Play with time
ShampooSales.ipynb
sales goes like this, need to predict according to history.
A wonderful tutorial to convert time series prediction to supervised problem: Time Series Forecasting as Supervised Learning
best fit before overfitting:
Core code
model = Sequential()
model.add(LSTM(4, batch_input_shape=(BATCH_SIZE, X.shape[1], X.shape[2]), stateful=True))
model.add(Dropout(0.5))
model.add(Dense(1, activation='linear'))
model.compile(loss='mse', optimizer='adadelta')
# way 1
for i in range(EPOCHS):
model.fit(X, y, epochs=1, shuffle=False, batch_size=BATCH_SIZE)
model.reset_states()
# way 2
class StatusResetCallback(Callback):
def on_batch_begin(self, batch, logs={}):
self.model.reset_states()
model.fit(X, y, epochs=EPOCHS, batch_size=BATCH_SIZE,
shuffle=False, callbacks=[StatusResetCallback()])
StatefulLSTM.ipynb
Learning from Stateful LSTM in Keras by Philippe Remy, which is a wonderful and simple tutorial.
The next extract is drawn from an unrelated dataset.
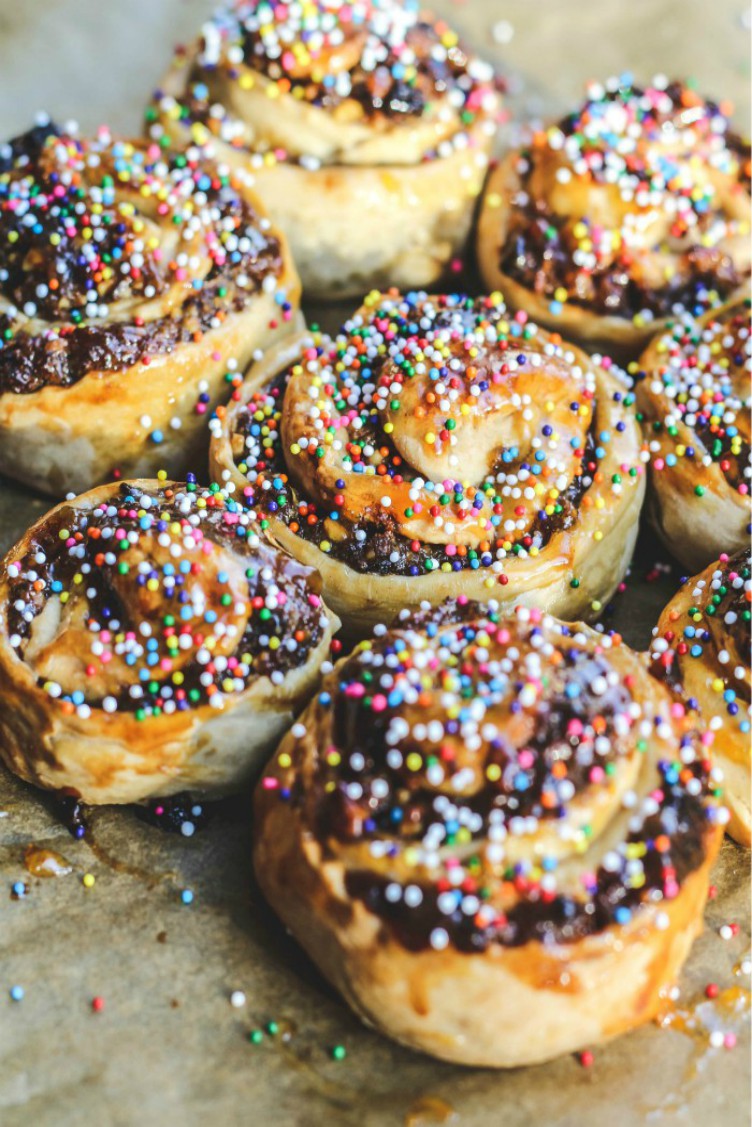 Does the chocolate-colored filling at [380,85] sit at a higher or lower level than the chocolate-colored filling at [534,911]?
higher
The composed dataset is simple and clean:
X y
1 0 0 ... 0 1
0 0 0 ... 0 0
0 0 0 ... 0 0
1 0 0 ... 0 1
1 0 0 ... 0 1
...
Obviously, if the first of X seq is 1, y = 1, else 0. We will see if the 1 status will pass along to predict the result.
model = Sequential()
model.add(LSTM(LSTM_UNITS, input_shape=X_train.shape[1:], return_sequences=False, stateful=False))
model.add(Dense(1, activation='sigmoid'))
model.compile(loss='binary_crossentropy', optimizer='adam', metrics=['accuracy'])
it works. Talk is cheap, see the code.